On his Newsmax program, Greg Kelly ran an excerpt tied to Eric Trump’s recently released memoir and forced viewers to face a reminder many in the mainstream media would rather forget: Senate Minority Leader Chuck Schumer’s January 3, 2017 warning about the intelligence community. Kelly’s point was blunt and unapologetic — that moment deserved a national reckoning, not the shrug and spin we got from the legacy press.
Schumer’s line — “Let me tell you, you take on the intelligence community, they have six ways from Sunday at getting back at you” — was not a throwaway soundbite but an explicit admission on national television about the clout and mindset inside our spy apparatus. He said it on Rachel Maddow’s program as incoming administration tensions were peaking, and the clip still makes it clear he believed the intelligence world could and would retaliate.
Conservatives have long pointed to that January 2017 timeline as the start of a dangerous campaign to neutralize a political opponent by weaponizing intelligence and leaks, and subsequent events — from the infamous dossier rollouts to the counterintelligence probes that followed — fit an ugly pattern. Members of Congress and commentators have traced those three critical early-January dates and warned they amounted to a coordinated effort to undermine an incoming president. Those aren’t wild conspiracy theories; they’re a chronology that deserves sober inquiry.
Eric Trump’s memoir, which Newsmax has been promoting and discussing, frames those early days as part of a broader assault on his family and on the popular will of voters who chose change in 2016. Whether or not readers agree with every anecdote in the book, the fact that mainstream outlets reflexively dismiss these episodes while acting shocked by later revelations shows double standards in real time.
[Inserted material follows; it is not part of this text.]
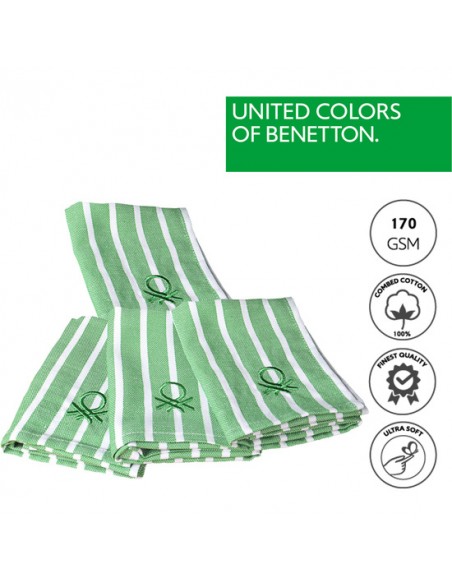 SET 4PCS PAÑOS COCINA 33X45CM - VERDE CASA BENETTON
The memoir has put new focus on what many Americans already suspect: powerful institutions sometimes act with political bias and impunity.
Greg Kelly’s call — that “we should’ve had a national conversation after January 3rd, 2017” — is not mere cable theatrics; it’s an indictment of a media and political class that chose to bury inconvenient facts instead of policing dangerous concentrations of power. Conservatives aren’t asking for vendettas; we’re demanding transparency, reforms, and accountability so no future administration faces clandestine, politicized sabotage from the very institutions sworn to protect the republic.
The lesson here is painfully clear: when the guardians of the state start acting like partisan actors, the remedy is public oversight, not secrecy and shrugging denials. Voices across the right have been raising alarm about alleged misuses of intelligence for years, and those concerns have only been bolstered by subsequent disclosures suggesting groupthink and politicization at senior levels. If America is to remain a self-governing nation, Congress must hold real hearings, subpoena documents, and ensure those who abused their trust are held accountable.
This is about more than partisan scoring; it’s about preserving the rule of law and the integrity of American institutions for future generations. The clip Greg Kelly played is a reminder that the press and politicians have an obligation to examine power, not protect it when it is misused — and that duty still belongs to the people and to their representatives. If we value liberty and honest government, we cannot allow that January day to fade into the fog of convenient amnesia.